Genuine Multipartite Entanglement in Positronium-A Potential Quantum Sensor For Detecting Cancer

02.07.2017

In hospitals a PET, a Positron-Emission-Tomograph, servers as a device to determine spatial and temporal distributions of concentrations of radio-active substances injected into patients. The back-to-back photons provide local information about the activity inside human bodies, e.g. utilized for detecting cancer. However, positronium atoms can also decay into three photons. The results, published in Scientific Reports (Nature Publishing Group), show that these three photons are entangled, even genuinely multipartite entangled, a strong type of entanglement where all degrees of freedom contribute to the entanglement. This will allow in future to read out not only the classical local information but as well the quantum information in metabolic processes!

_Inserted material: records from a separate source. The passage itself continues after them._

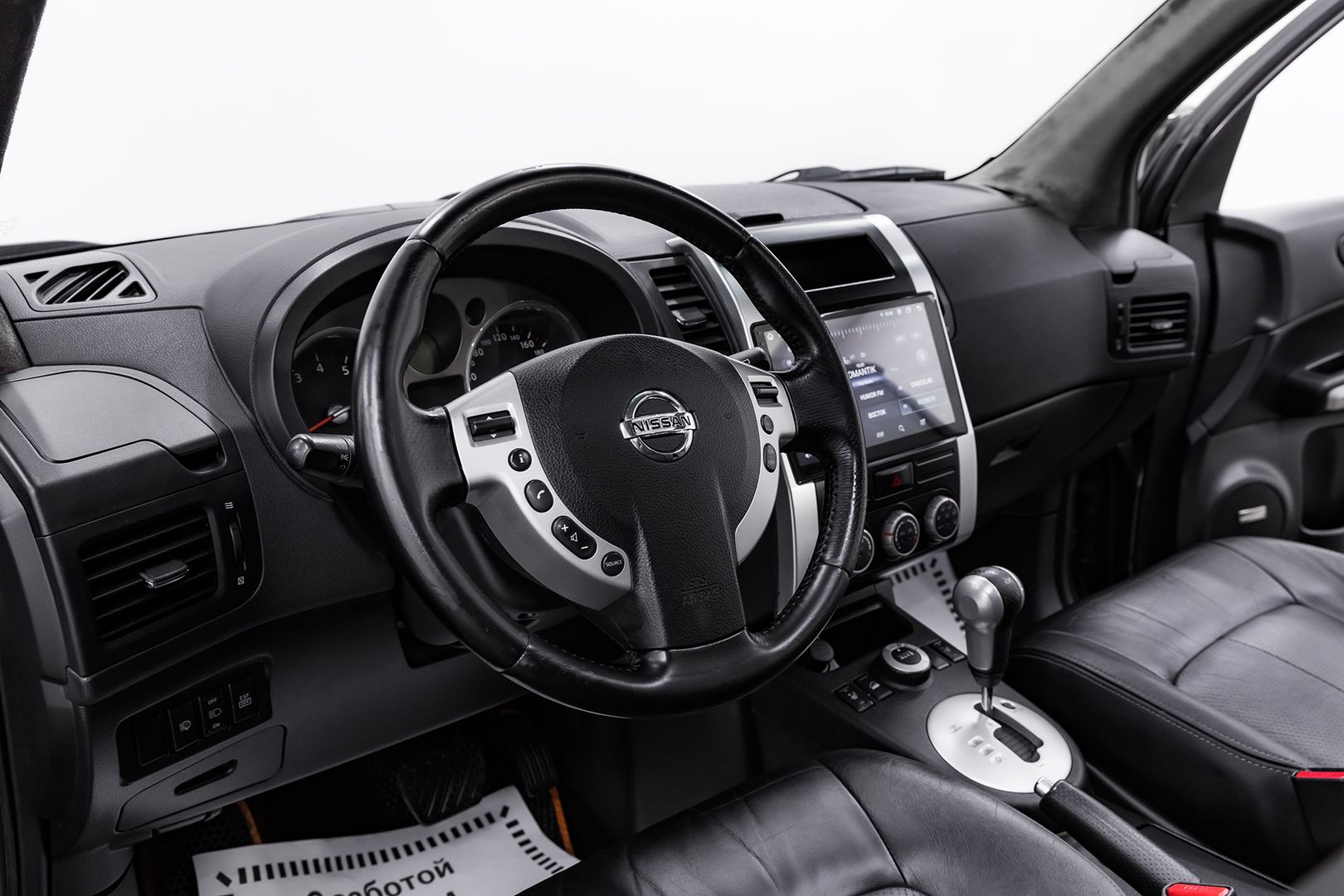 Nissan X-Trail, II, 2010 фото 10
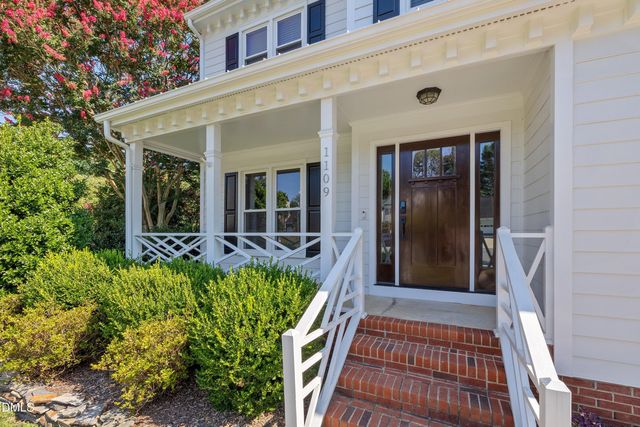 1109 Sanbour Drive, Apex, NC 27502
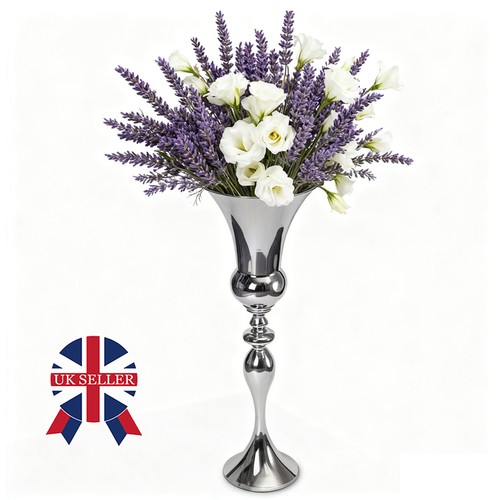 Large flower vase tall floor - vase,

In the recent Scientific Report contribution it is shown that the three-photon state with respect to the polarisation degrees of freedom depends on the angles between the photons and exhibits various specific entanglement features. In particular, genuine multipartite entanglement, a type of entanglement involving all degrees of freedom, is subsistent if the positronium was in a definite spin eigenstate. Remarkably, when all spin eigenstates of positronium are mixed equally, entanglement –and even stronger genuine multipartite entanglement– survives. Due to a “symmetrization” process, however, genuine multipartite Dicke-type or W-type entanglement remains whereas GHZ-type entanglement vanishes. The survival of particular entanglement properties in the mixing scenario allows for extracting quantum information of the positronium's environment. In other studies (see publication list) we have shown that, e.g., the lifetime of ortho-positronium (the one decaying in three photons) is greater for cancerous tissues than for healthy tissues from the same patient.